Omit every picture and return the rest of the data unaltered.

[[ Material shown open ]]

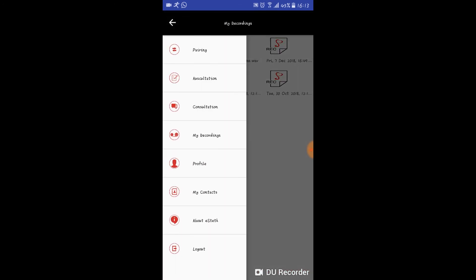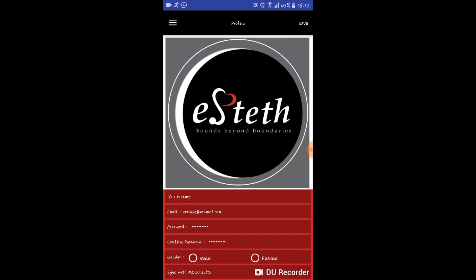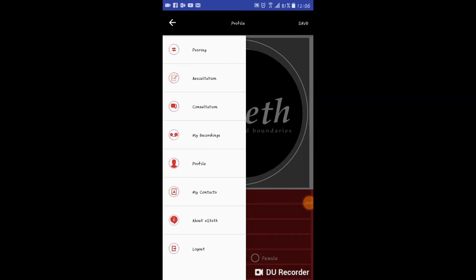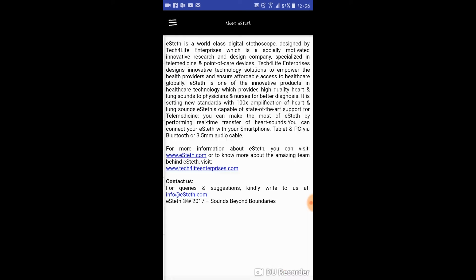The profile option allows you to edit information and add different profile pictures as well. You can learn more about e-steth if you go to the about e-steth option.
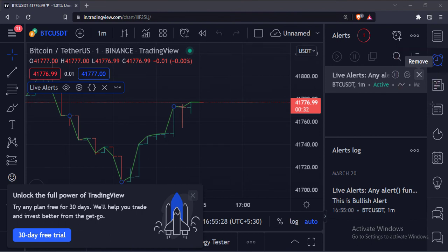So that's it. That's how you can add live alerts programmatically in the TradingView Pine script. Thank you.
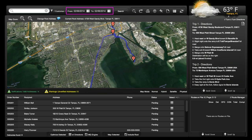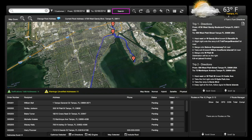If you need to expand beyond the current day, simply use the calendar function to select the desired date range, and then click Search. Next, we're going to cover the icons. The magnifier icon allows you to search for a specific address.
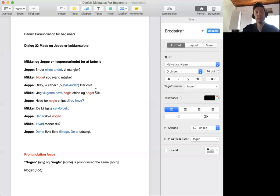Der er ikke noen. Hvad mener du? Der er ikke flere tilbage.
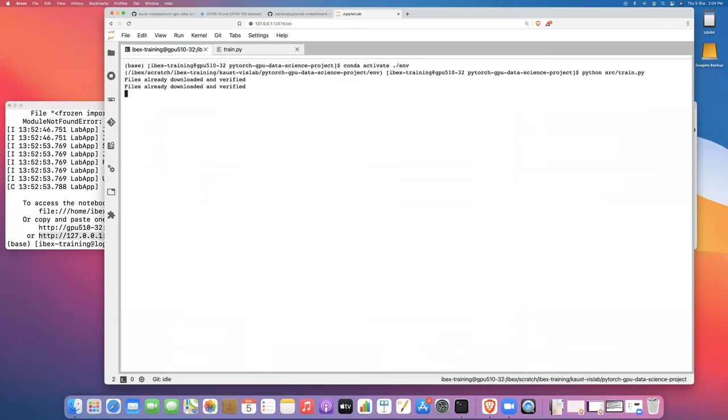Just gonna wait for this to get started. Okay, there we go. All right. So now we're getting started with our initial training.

[[ Material shown closed ]]

### Output of the exercise
The profile option allows you to edit information and add different profile pictures as well. You can learn more about e-steth if you go to the about e-steth option.
So that's it. That's how you can add live alerts programmatically in the TradingView Pine script. Thank you.
If you need to expand beyond the current day, simply use the calendar function to select the desired date range, and then click Search. Next, we're going to cover the icons. The magnifier icon allows you to search for a specific address.
Der er ikke noen. Hvad mener du? Der er ikke flere tilbage.
Just gonna wait for this to get started. Okay, there we go. All right. So now we're getting started with our initial training.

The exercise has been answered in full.